The presence of a small number of compounds in the detected bio-patterns should make it possible to develop a time-sensitive point of care aid for the emergency pediatric physicians to identify children with risk of developing severe appendicitis. A similar type of biomarker phenotyping approach using integrated metabolomics and protein mediator profiling has shown promising outcomes in early diagnosis and prognosis of sepsis [40,41]. Hence, it is rational to suggest that the promising findings from our study have also the potential to improve the prediction of disease progression in children with appendicitis.

Our results demonstrated that the separation between severe and moderate conditions were somewhat better than that between severe and mild conditions. It is possible that children with mild appendicitis have yet to establish a common set of metabolic derangements that converge on a common profile which would be identified as different from severe disease. In addition, the differences in sample sizes of the cohorts might explain this outcome [42,43]. In an attempt to minimize statistical bias [42,43], we maintained a ratio close to 1:2 during our analyses.
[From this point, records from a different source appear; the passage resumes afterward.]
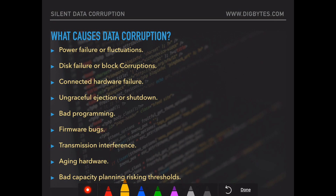So what causes data corruption? There are many reasons. I have highlighted some key ones I have come across in the past. Power failure or fluctuation is a very common cause of failure — mitigate this with a UPS for your home computer or data center. Disk failure or block corruption: a disk fails in total and you lose complete data. With block corruption reported, you may have some breathing space, but as soon as even a single block is reported corrupt, it is time to change the hard disk as soon as possible.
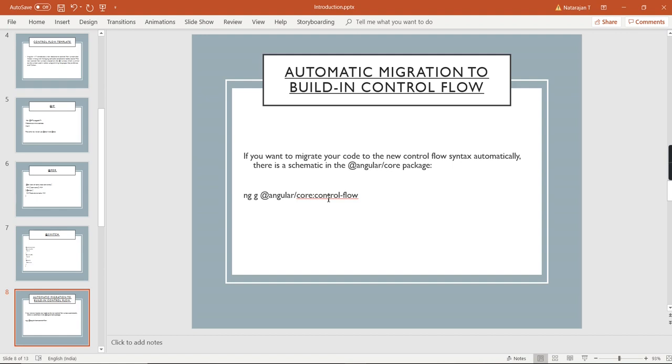That was the module-based one previously. Hereafter they have made that as the standalone component. Even if you are creating a new component using the ng command, it will be generated as the standalone component only.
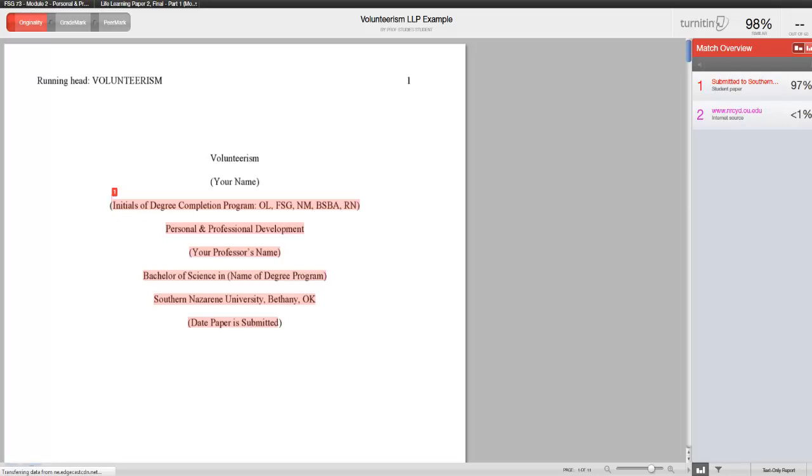On the right side, you will find the percentages of sites and papers that were flagged as matches in your document. Ideally, these matches are ones that were cited correctly as quotes within your paper.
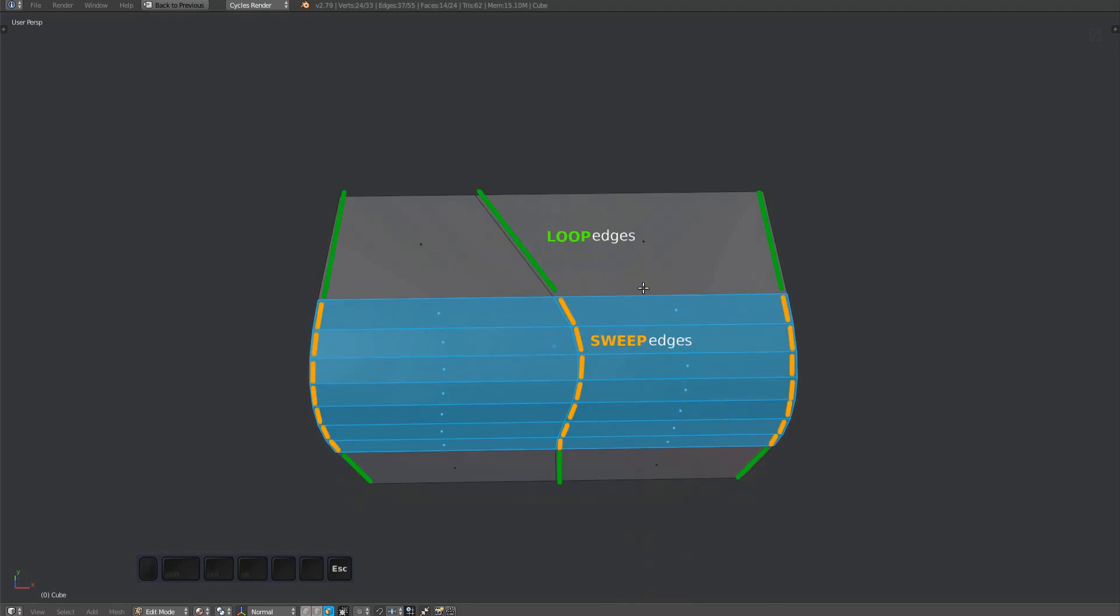Basically, loop edges are edges connected to chamfer sweeps, and they determine how the sweep edges of a fuse surface will be oriented. In this example you can see how the angle of the loop edge produces an s-curve in the center sweep of the fuse surface.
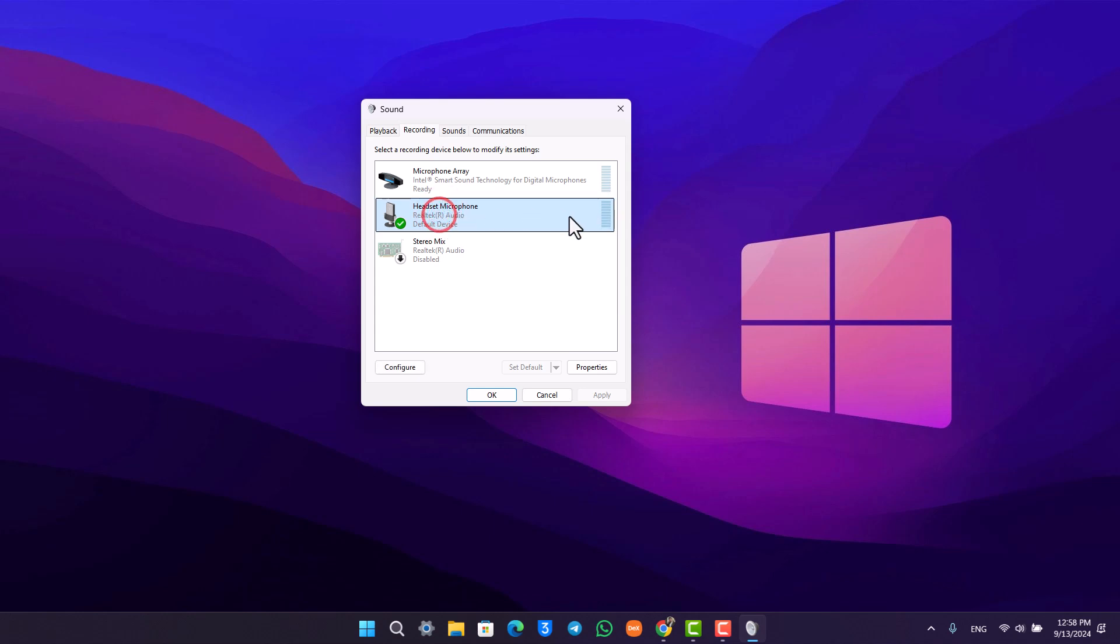As long as the microphone is working, you'll also see the sound spectrum bar on the right-hand side visualizing according to your voice.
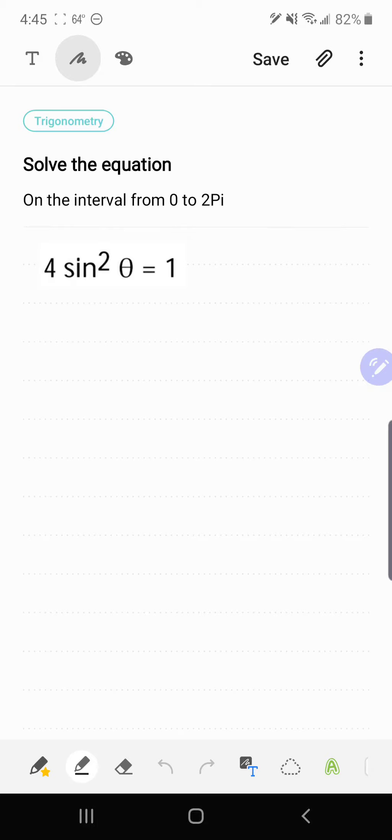All right, in this example we're going to look at how to solve a trig equation on the interval from 0 to 2π. Here we have 4 sin²θ = 1.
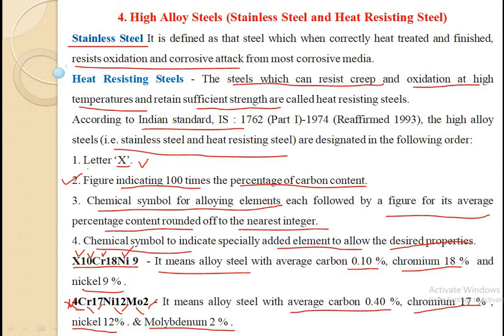In this way we can designate high alloy steels. To summarize: the first letter X indicates high alloy steel; the next figure indicates 100 times the percentage of carbon content; the next part indicates the chemical symbols for alloying elements; and finally, the chemical symbol to indicate any specially added element to allow the desired properties.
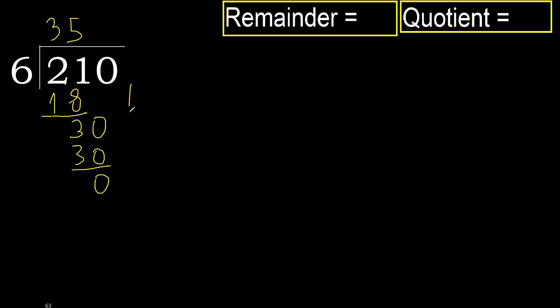Next, there is no number, therefore finish it. 210 divided by 6 is here.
Another limitation is that while blood samples were collected from the majority of the children before antibiotic treatment, some children had their samples drawn in PICU (albeit at the earliest time point achievable) due to severity of the condition. These children would have undergone additional resuscitation efforts including antibiotics, fluids, inotropes etc. Finally, due to the small sample size of this investigation, follow-up studies will be needed to confirm our findings across ages.

4. Materials and Methods

4.1. Study Design, Setting and Population

We performed a post hoc sub-group analysis of children aged 0–17 years who had been prospectively enrolled in the Alberta Sepsis Network (ASN) study and who had pathologically proven appendicitis. The ASN study was investigating the metabolic and inflammatory processes in children managed in the Emergency Department (ED) or the Pediatric Intensive Care Unit (PICU) for an infectious illness [44]. Children were eligible for enrolment into the ASN study if they met criteria for systemic inflammatory response syndrome, had a blood culture performed and antibiotics ordered. Those not expected to survive ≥24 h, refusing intubation or vasoactive infusions (e.g., palliative care), or already having had severe sepsis for ≥48 h (defined as sepsis with cardiovascular dysfunction, acute respiratory distress syndrome, or two other organ dysfunctions) were excluded. Enrolment occurred at the two pediatric tertiary hospitals in the province of Alberta, Canada.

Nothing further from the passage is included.